» **Exercise objective**: Beginning with the line that holds "5097 W 6435 S, West Jordan, UT 84081", output every remaining line of the material below exactly, and include none of the pictures.

» **Records shown**:
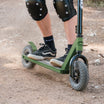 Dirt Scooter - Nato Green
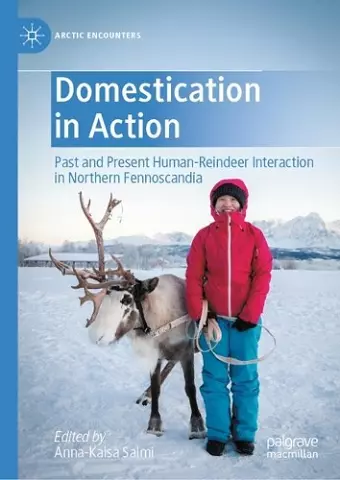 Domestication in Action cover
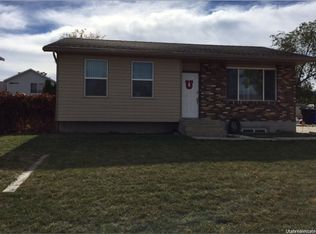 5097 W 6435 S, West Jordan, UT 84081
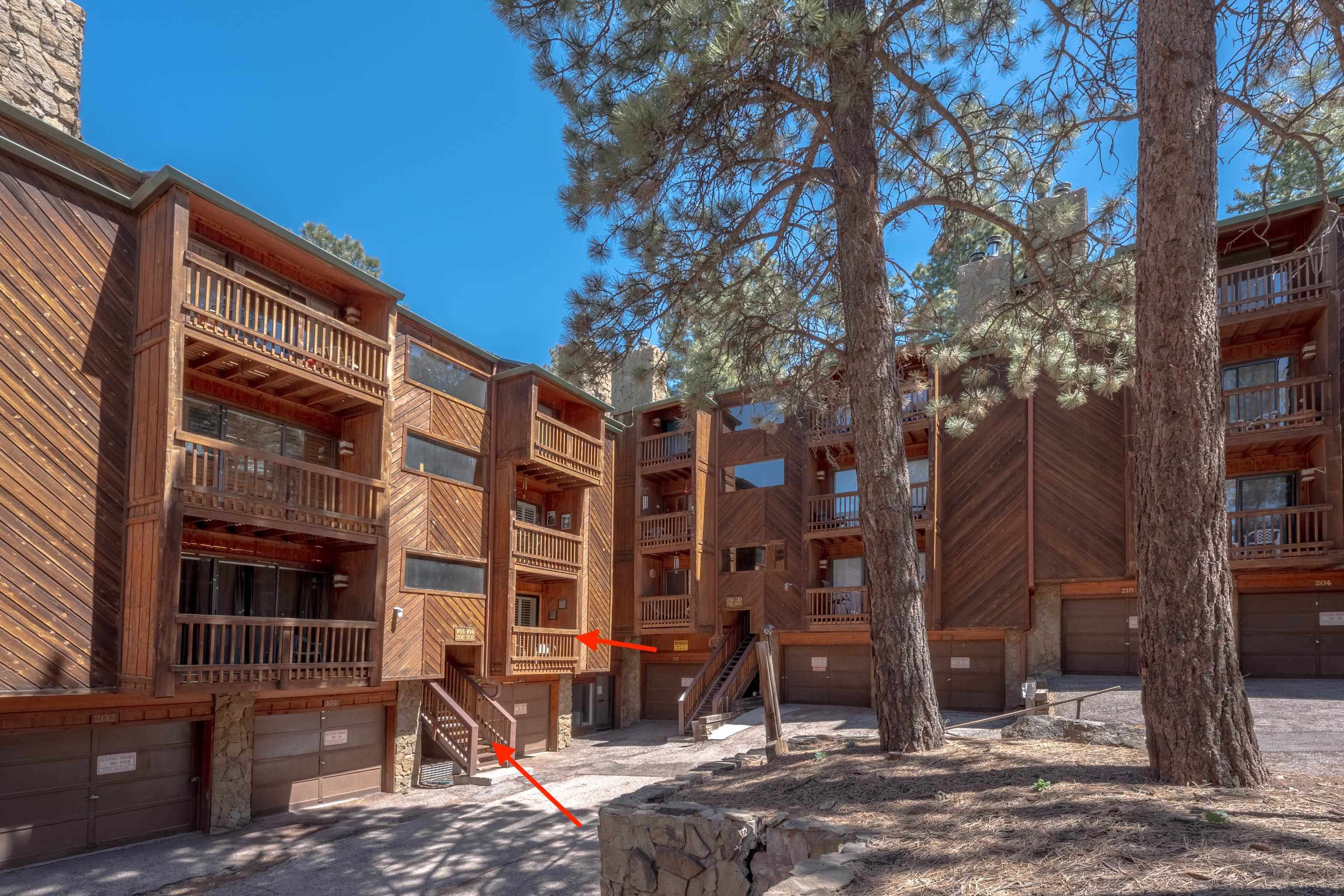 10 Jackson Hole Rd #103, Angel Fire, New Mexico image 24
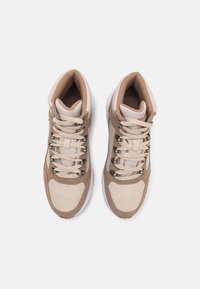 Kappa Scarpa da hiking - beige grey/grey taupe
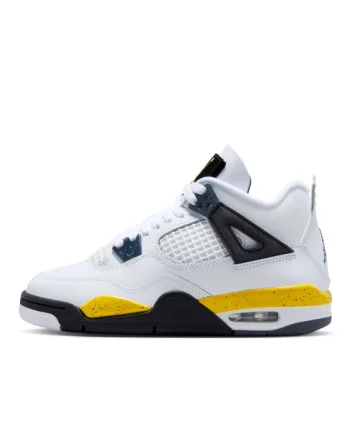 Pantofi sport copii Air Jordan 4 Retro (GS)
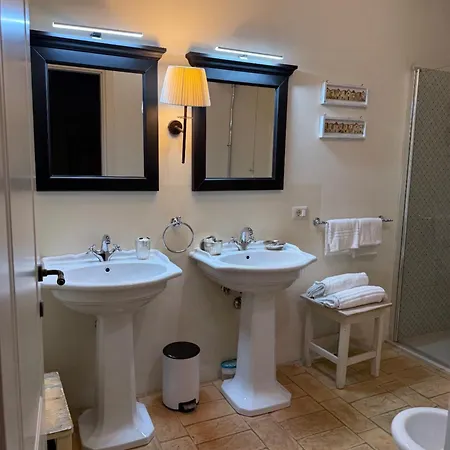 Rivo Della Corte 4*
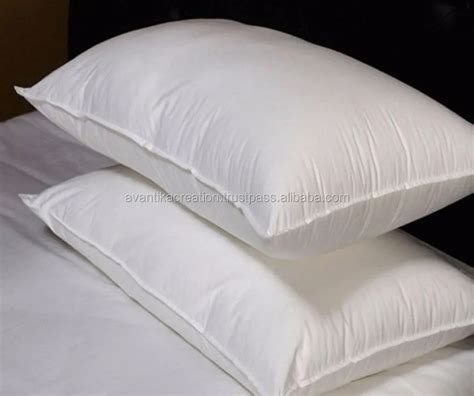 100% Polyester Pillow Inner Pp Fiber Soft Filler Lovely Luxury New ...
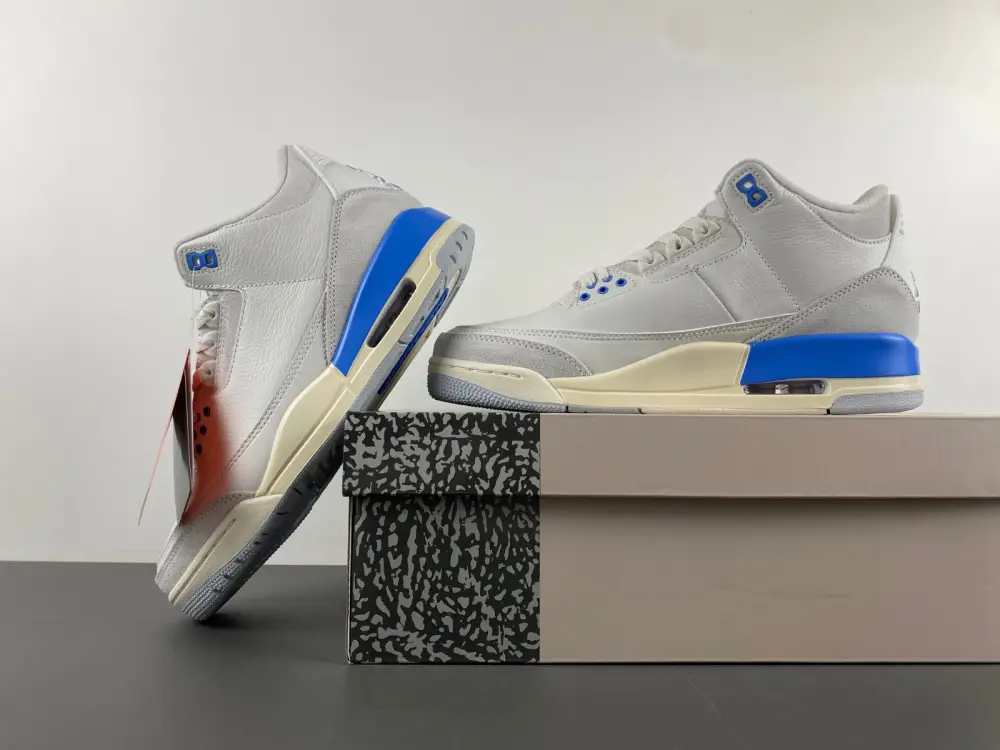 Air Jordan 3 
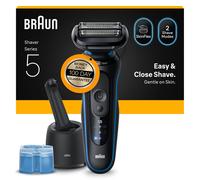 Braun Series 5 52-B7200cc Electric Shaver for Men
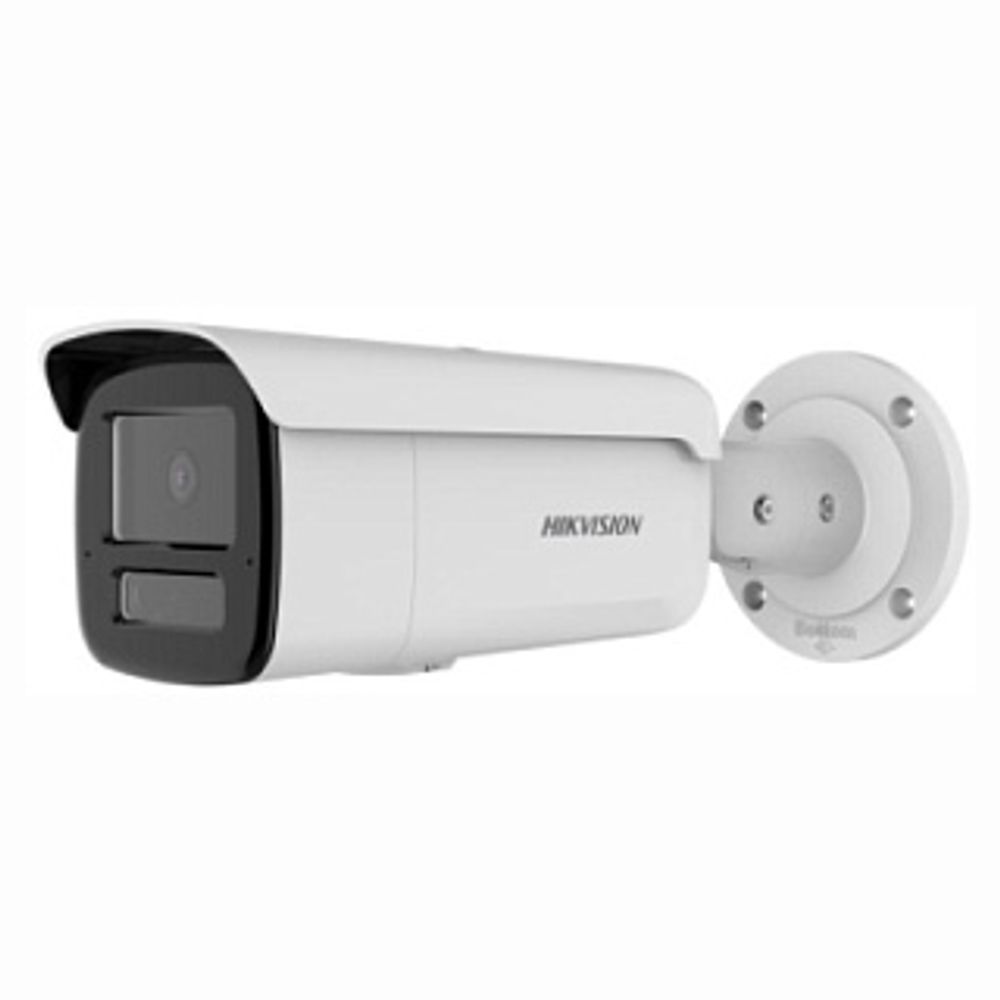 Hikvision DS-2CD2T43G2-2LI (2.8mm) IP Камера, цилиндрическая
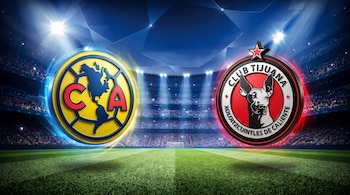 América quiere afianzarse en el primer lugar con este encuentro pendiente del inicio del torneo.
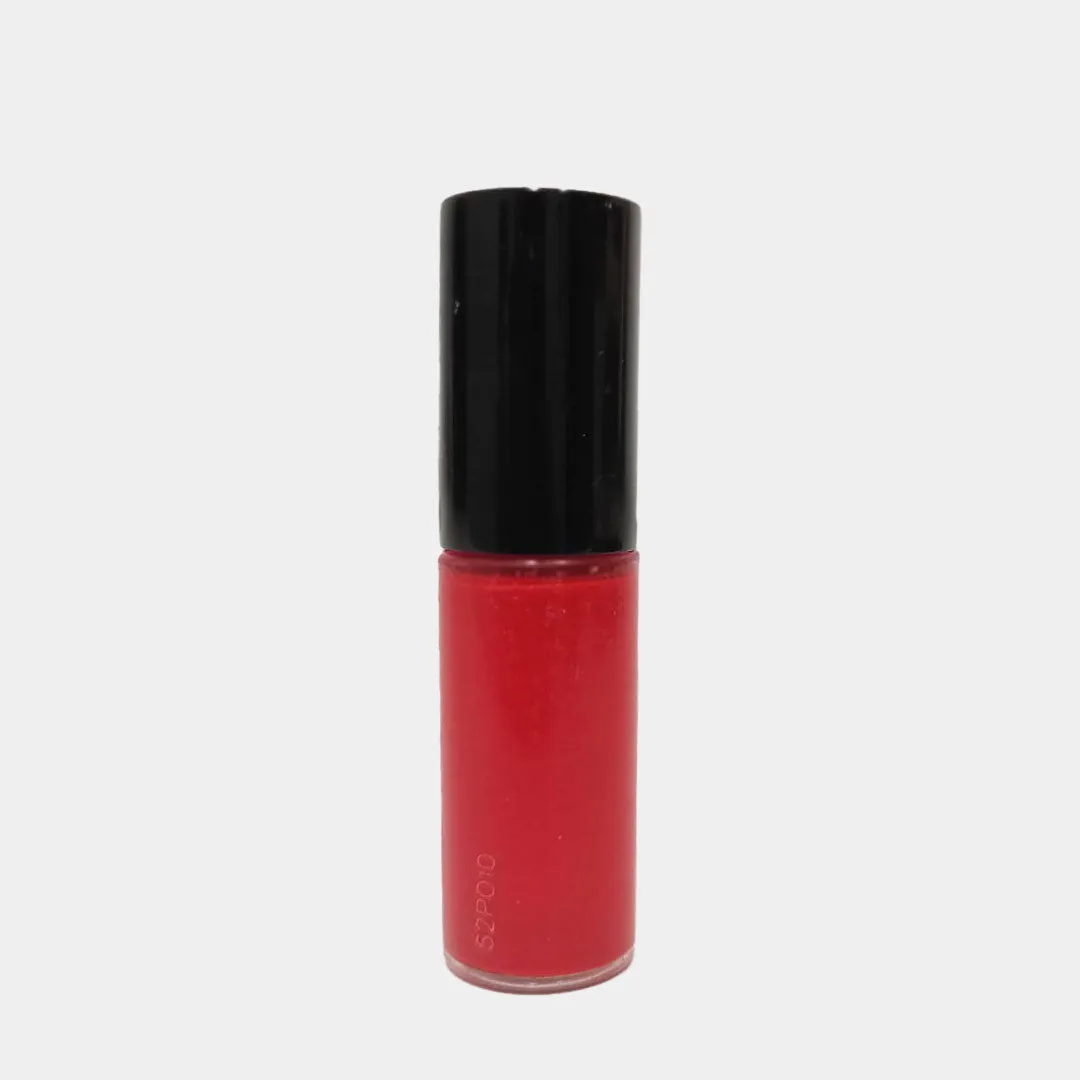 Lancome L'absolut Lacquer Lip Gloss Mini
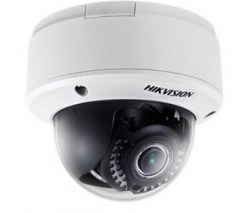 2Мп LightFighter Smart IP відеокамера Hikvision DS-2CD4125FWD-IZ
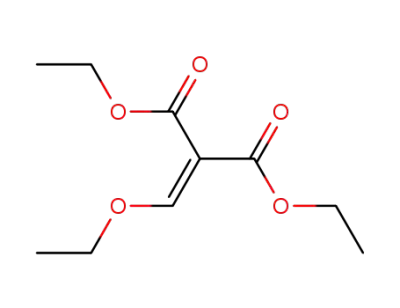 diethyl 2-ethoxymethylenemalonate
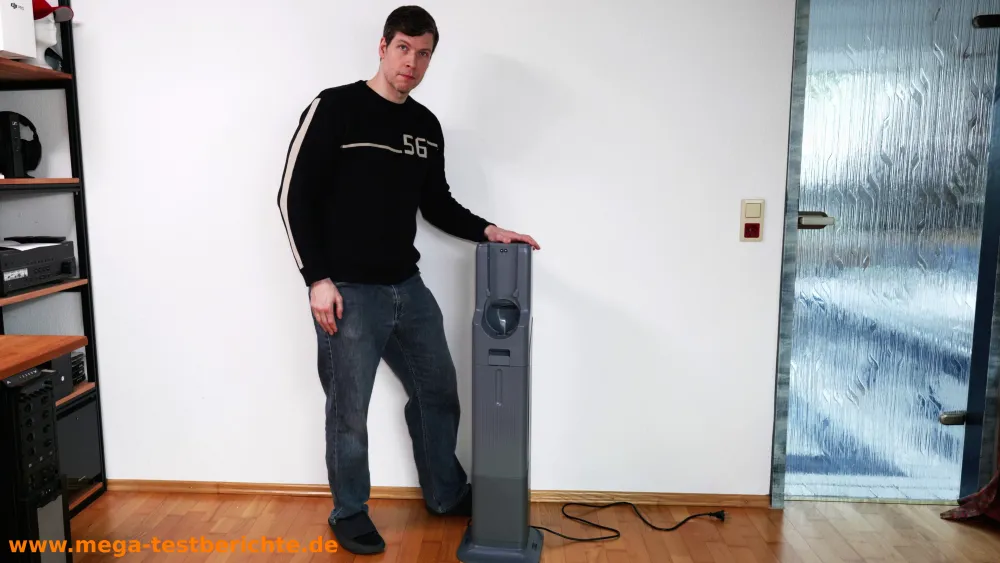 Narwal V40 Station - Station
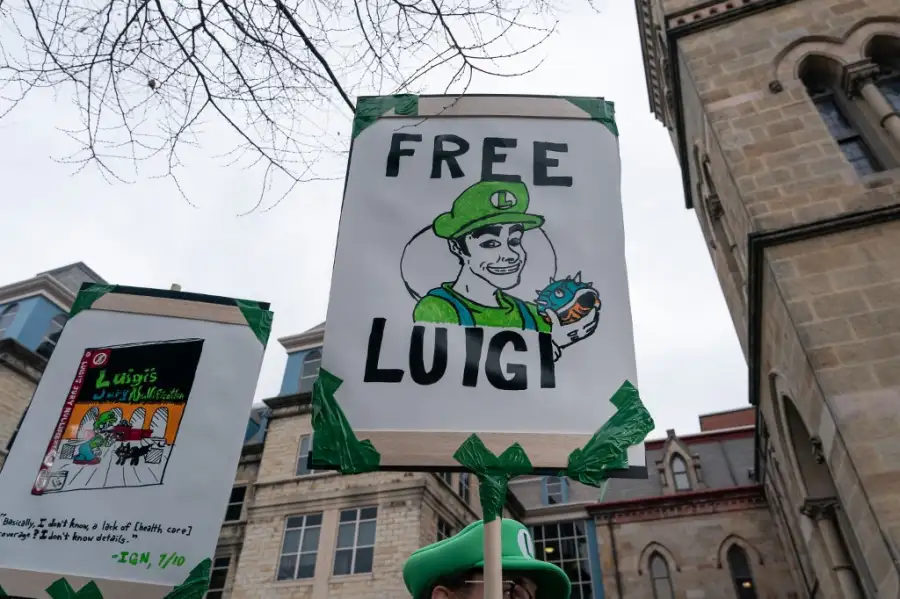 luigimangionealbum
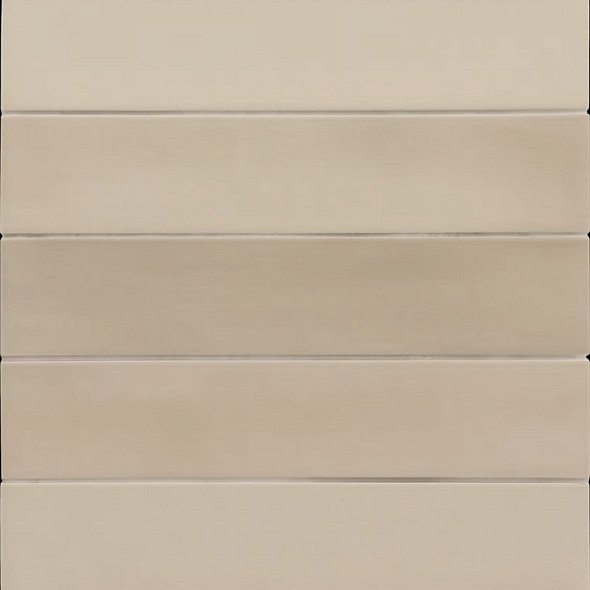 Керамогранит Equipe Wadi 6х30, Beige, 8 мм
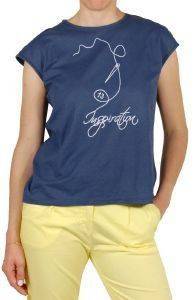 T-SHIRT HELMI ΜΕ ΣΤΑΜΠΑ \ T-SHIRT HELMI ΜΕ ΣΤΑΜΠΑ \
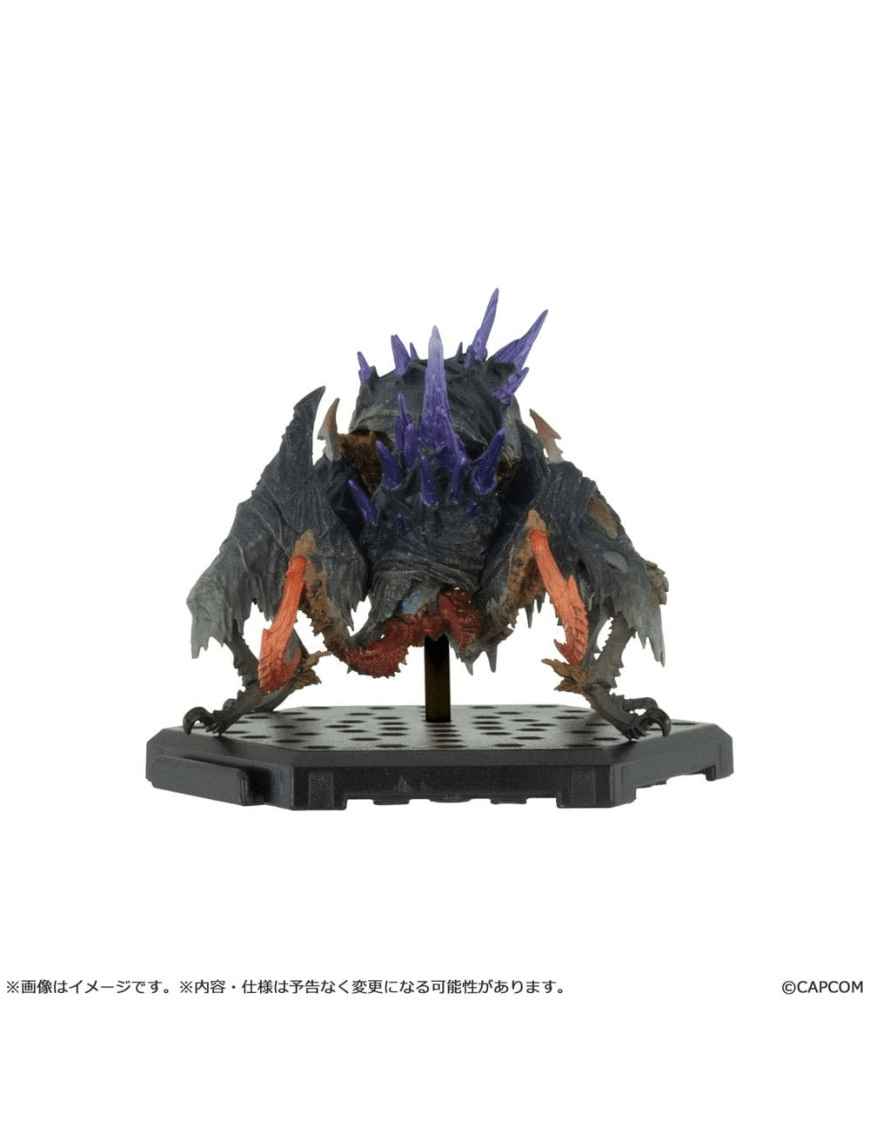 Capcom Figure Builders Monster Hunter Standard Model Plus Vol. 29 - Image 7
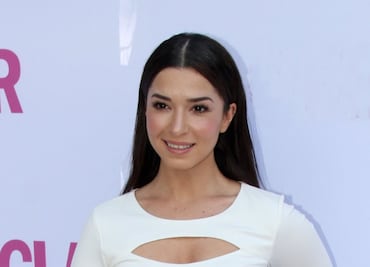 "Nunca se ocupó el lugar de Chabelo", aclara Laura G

» **Solution to this problem**:
 5097 W 6435 S, West Jordan, UT 84081
 10 Jackson Hole Rd #103, Angel Fire, New Mexico image 24
 Kappa Scarpa da hiking - beige grey/grey taupe
 Pantofi sport copii Air Jordan 4 Retro (GS)
 Rivo Della Corte 4*
 100% Polyester Pillow Inner Pp Fiber Soft Filler Lovely Luxury New ...
 Air Jordan 3 
 Braun Series 5 52-B7200cc Electric Shaver for Men
 Hikvision DS-2CD2T43G2-2LI (2.8mm) IP Камера, цилиндрическая
 América quiere afianzarse en el primer lugar con este encuentro pendiente del inicio del torneo.
 Lancome L'absolut Lacquer Lip Gloss Mini
 2Мп LightFighter Smart IP відеокамера Hikvision DS-2CD4125FWD-IZ
 diethyl 2-ethoxymethylenemalonate
 Narwal V40 Station - Station
 luigimangionealbum
 Керамогранит Equipe Wadi 6х30, Beige, 8 мм
 T-SHIRT HELMI ΜΕ ΣΤΑΜΠΑ \ T-SHIRT HELMI ΜΕ ΣΤΑΜΠΑ \
 Capcom Figure Builders Monster Hunter Standard Model Plus Vol. 29 - Image 7
 "Nunca se ocupó el lugar de Chabelo", aclara Laura G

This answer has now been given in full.